Roupa americana contamina meio-ambiente da China
O ano passado, investigadores do governo chinês meteram-se por um buraco no muro de cimento que cerca a fábrica de têxteis Fuan Textile Mill, no sul da China. Qual o objetivo? Uma inspeção de surpresa ao edifício. O que encontraram ligou os alarmes em dez
Publicado 17/09/2007 09:50
Os habitantes da aldeia próxima tinham protestado porque a fábrica, propriedade de Fountain Set Holdings Ltda, sediada em Hong-Kong, tinham feito com que a água do seu rio ficasse de cor vermelho escuro. As autoridades descobriram uma canalização enterrada debaixo do solo da fábrica, que vertia diariamente para o rio cerca de 22.000 toneladas de água contaminada pelos processos da tinturaria.

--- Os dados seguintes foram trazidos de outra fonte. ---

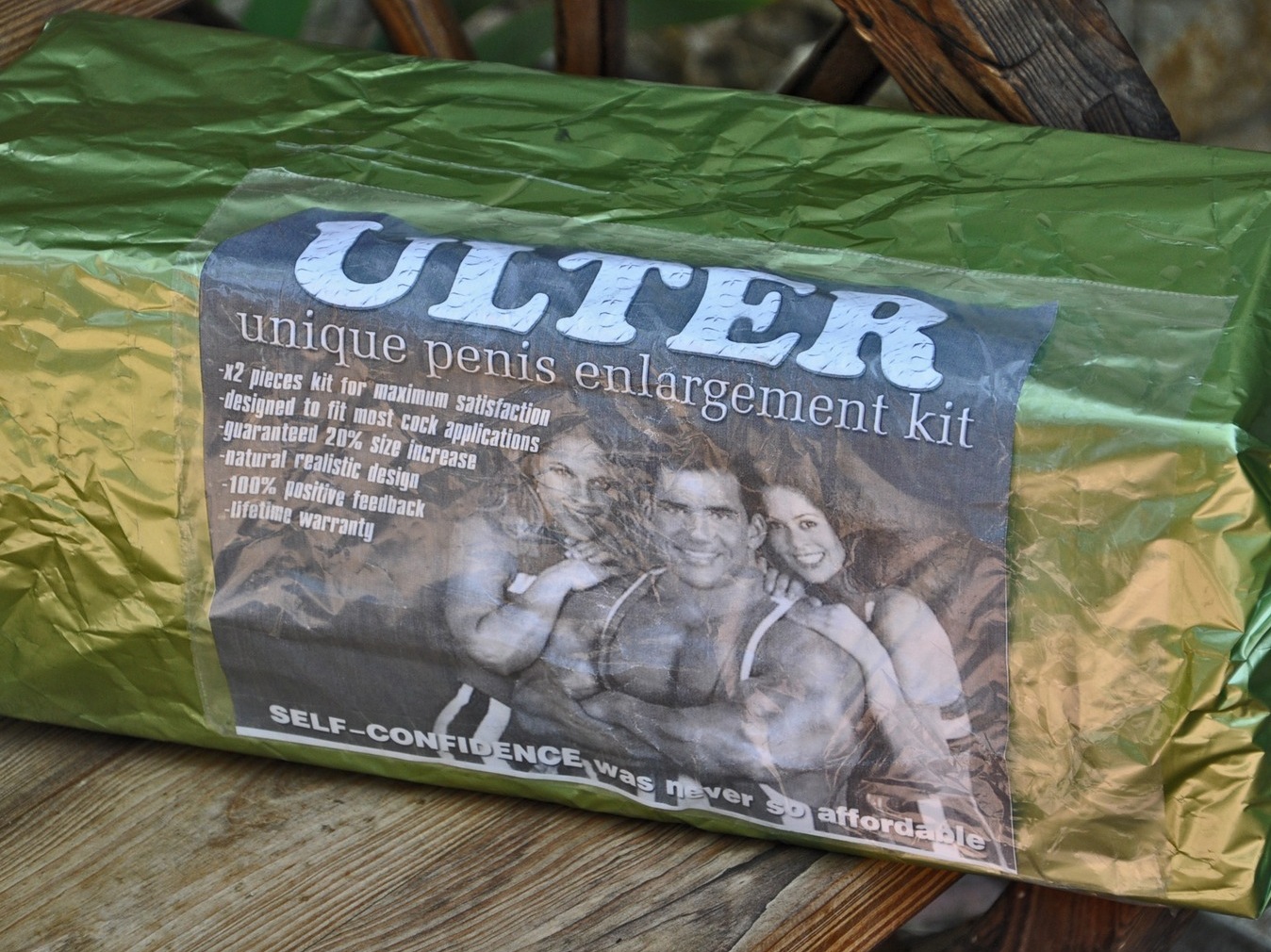 Pip* Enlargement Kit :) 1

Nas décadas que decorreram desde que as empresas estadunidenses recorreram às fábricas chinesas para fazer produzir camisas, jeans e tênis baratas, usadas diariamente pelos seus clientes, que o ar, a terra e a água chineses tiveram que pagar um alto preço.
A China enfrentou duras críticas pela falta de segurança das suas exportações, desde a pasta dentífrica aos brinquedos tóxicos. Mas agora os ativistas ambientais e o governo chinês começam a destacar o outro lado do problema: o papel que têm as multinacionais no aumento da contaminação da China, quando procuram preços cada vez mais baixos para os produtos do país.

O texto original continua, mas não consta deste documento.